Exploring spacetime as an element in the web of history requires attention to narratives. In this section I present two strikingly different representations of Java that allow us to see the significance of embedded projections in spacetime conjunctions. The first is an account by Tomé Pires (d. 1524 or 1540), a Portuguese apothecary and official who visited Java in the early sixteenth century. Pires’s Suma Oriental is the earliest known work to comment on Muslims being a major presence in Java. The second is an anonymous Javanese chronicle in verse entitled Babad Jaka Tingkir composed circa 1850. This work reflects long-standing local traditions about Islamic origins on the island from an internal Muslim perspective. I focus especially on the Babad’s account of the construction of the great mosque of Demak, a moment in time that the work treats as definitive for Java becoming an Islamic space.

Moors in Java

In the wake of Vasco da Gama (d. 1524) landing in India in 1498, the early sixteenth century was a heady period for Portuguese imperial ambitions in Asia. While not counted among famous explorers working for the crown, Tomé Pires has a major place in this Portuguese story for being the author of an account that relates geographical, historical, and commercial information about lands lying between East Africa and Southeast Asia. Given the societies and networks that mattered in this region, it is no surprise that Moors and Mohammedans (not Muslims) figure prominently in the narrative.
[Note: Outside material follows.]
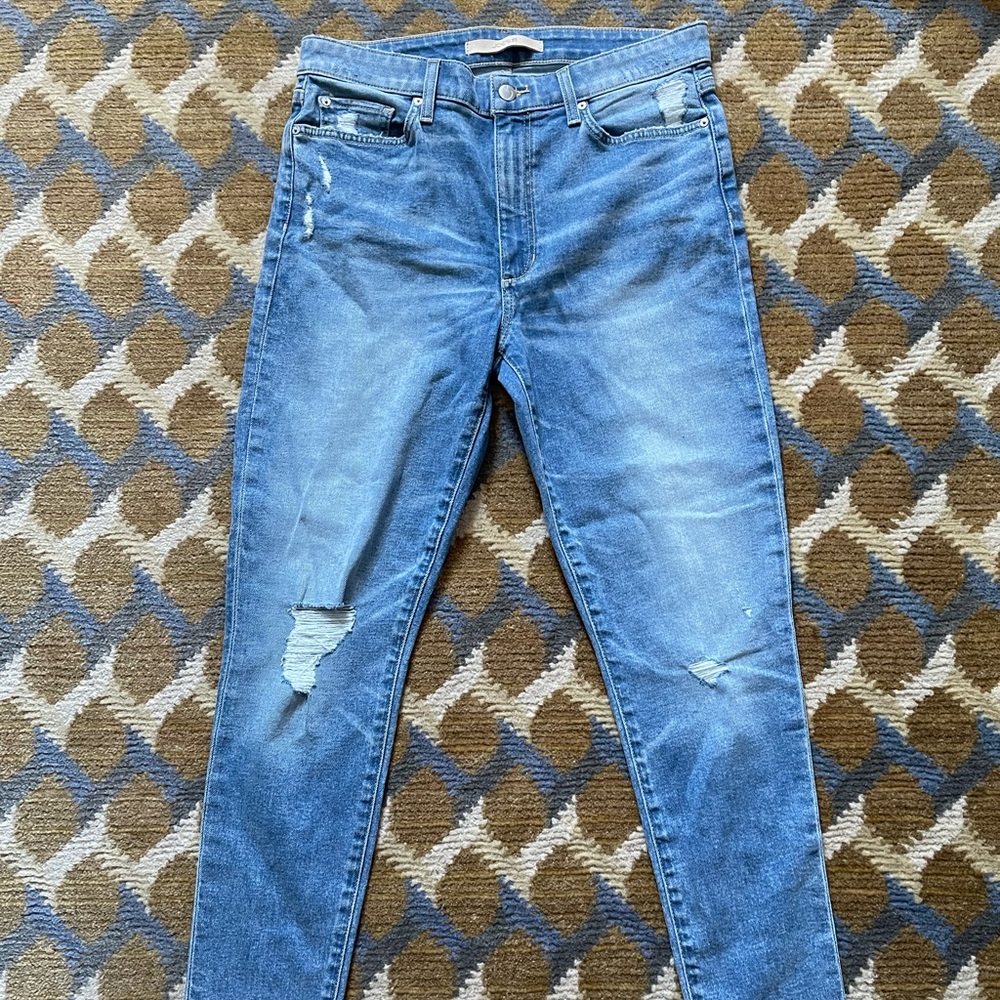 JOE’s The Charlie Ankle cut hem. Size 30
Pires’s Iberian background is a strong presence in the narrative, grafted into descriptions of peoples he describes in Asia. In the work’s foreword, he praises the Portuguese king Manuel I (d. 1521), his addressee, for subjugating kingdoms “at the heart of Moorish dominions” and spending generously to exalt the Catholic faith by “bringing such humiliation, loss and damage to the false diabolic opinion of the abominable, ignominious, false Mohammed, the head of all the vain Moorish religion” (Pires, Suma Oriental, 1, 2). Telegraphing religiopolitical dynamics internal to Iberia, groups identified as Moors and Mohammedans retain their status as familiar enemies as Pires moves across the globe in the narrative.
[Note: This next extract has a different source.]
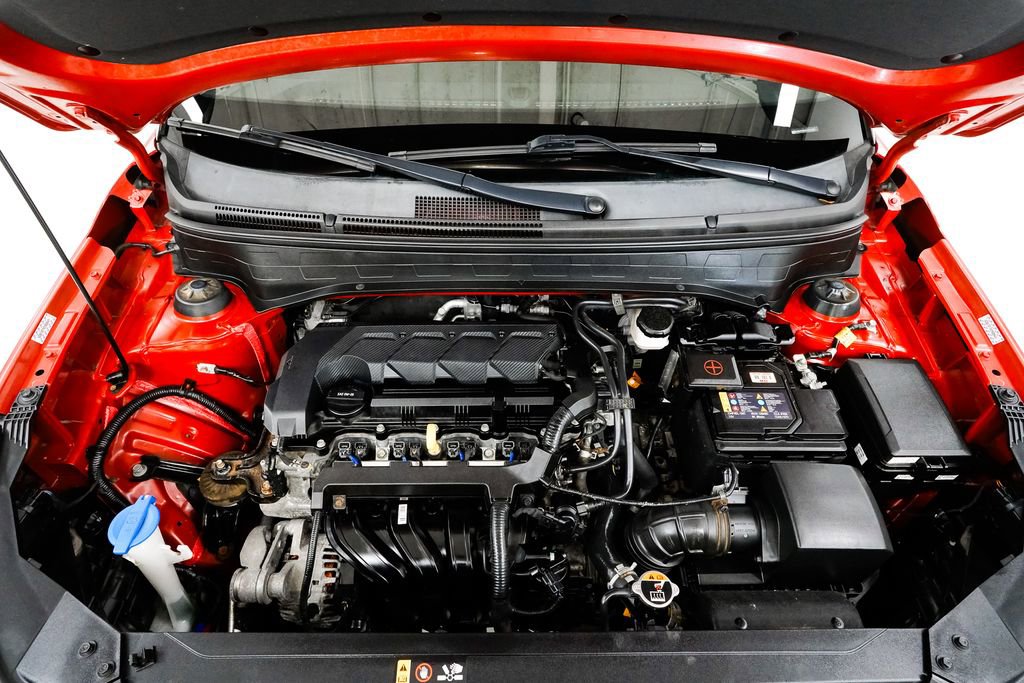 Used 2020 Hyundai Venue SE image 3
Pires’s account traverses geography from west to east, beginning in Egypt and East Africa and continuing until China. While parts concerned with the Middle East and South Asia contain many points of interest, I will skip over these for the moment to remain focused on Java. His description of the island provides the following historical explanation for the past that preceded the local conditions he encountered circa 1512–1515:

At the time when there were heathens along the sea coast of Java, many merchants used to come, Parsees, Arabs, Gujaratees, Bengalees, Malays and other nationalities, there being many Moors among them. They began to trade in the country and to grow rich. They succeeded in a way of making mosques, and mollahs came from outside, so that they came in such growing numbers that the sons of these said Moors were already Javanese and rich, for they had been in these parts for about seventy years. In some places the heathen Javanese lords themselves turned Mohammedan, and these mollahs and the merchant Moors took possession of these places. Others had a way of fortifying the places where they lived, and they took people of their own who sailed in their junks, and they killed the Javanese lords; and in this way they made themselves masters of the sea coast and took over trade and power in Java.

These lord pates are not Javanese of long standing in the country, but they are descended from Chinese, from Parsees and Kling, and from the nations we have already mentioned. However, brought up among the bragging Javanese, and still more on account of the riches they have inherited from their antecessors, these men made themselves more important in Javanese nobility and state than those of the hinterland; and each of them is reverenced in his land as though he were something much greater (Pires, Suma Oriental, 182).

Pires’s account highlights heterogeneity when it comes to the Muslim elites of Java in the early sixteenth century. They are a mixture of locals and a variety of descendants of peoples arriving from the Middle East and South Asia. Their relation to Islam is also diverse, ranging between conversion and descent, although all are acculturated to local patterns in habits and political attitudes.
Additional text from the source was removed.